HOLTVILLE — Though the Holtville City Council race for three open seats featured two two-term incumbents, it appeared most voters here cast their ballots in favor of a recently appointed council member and a political newcomer.
The council race also marked the first time in eight years that incumbents had faced any challengers.
Councilman Mike Pacheco, who was appointed in 2019 to fill a vacancy on the council, held a strong double-digit lead through the night and finished with 35.65 percent, or 559 votes, of the 1,568 total votes cast among 806 ballots.
Unofficial election results also strongly suggest political novice Murray Anderson will be replacing two-term councilman James Predmore, who currently serves as mayor. Anderson amassed 25.13 percent, or 394 votes total by the county’s updated tally at 5 p.m. Wednesday, Nov. 4.
The night’s third-place finish went to two-term incumbent council member Virginia “Ginger” Ward, who pulled in 350 votes, or 22.32 percent, according to county Registrar of Voters’ unofficial results.
Pacheco said his time on the council to date and his previous two years on the city’s Planning Commission likely helped sway voters in his direction. His decision to campaign door-to-door in the tight-knit city’s two precincts in advance of the election may have also provided him an electoral boost.
“A couple of the residents said I was the only one walking the streets,” Pacheco said Tuesday, Nov. 3.
With his return to the council all but assured, Pacheco’s priorities are to maintain a balanced budget and fiscal solvency. The longtime Imperial Irrigation District water manager and Holtville resident said the knowledge he has gained during his time with the commission and the council will continue to help him and the city going forward.

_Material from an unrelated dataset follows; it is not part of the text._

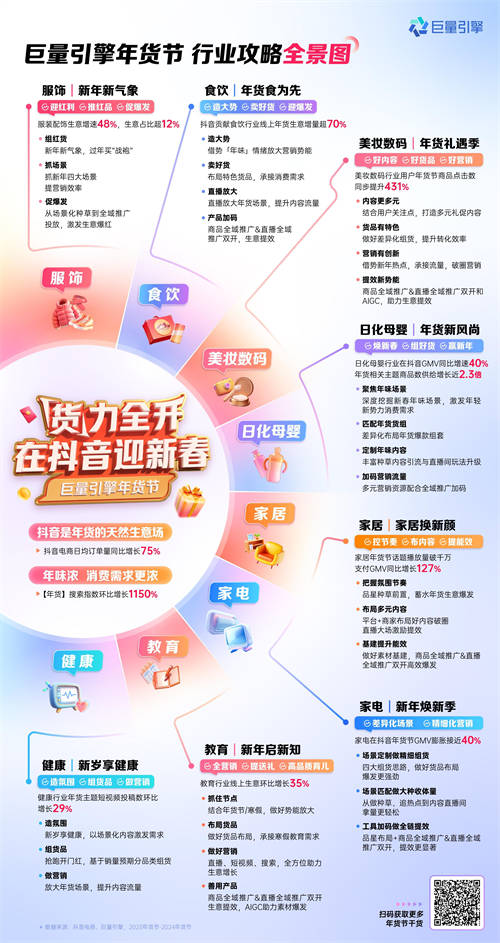 巨量引擎年貨節(jié)開啟！八大行業(yè)攻略，助力商家“貨”力全開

“Having that experience definitely helps,” Pacheco said.
As Anderson watched the election results come in on Nov. 3, he said he reserved any celebratory mood until he was able to attain about 500 votes. That figure represented the approximate number of votes the top three vote-getters had obtained during the 2018 City Council election.
The political newbie, and home health coordinator for El Centro-based AccentCare Home Health, ultimately fell short of that goal.
“I think we saw in a lot of county elections that people just want change and a different voice,” Anderson said Nov. 4. “Maybe this is Holtville’s voters’ way of getting a different voice in.”
The unofficial results revealed a close margin between Anderson and Ward, who could not immediately be reached for comment.
For his part, Predmore closed the night with 265 votes, or 16.9 percent. Aside from his eight years on the council, Predmore had served a three-year stint with the city’s Planning Commission. Throughout his span of public service, he had only missed a few meetings, Predmore said during the Oct. 29 virtual candidate forum.
The county elections department is not expected to release official election results for some weeks, as it processes an untold number of mail-in and provisional ballots.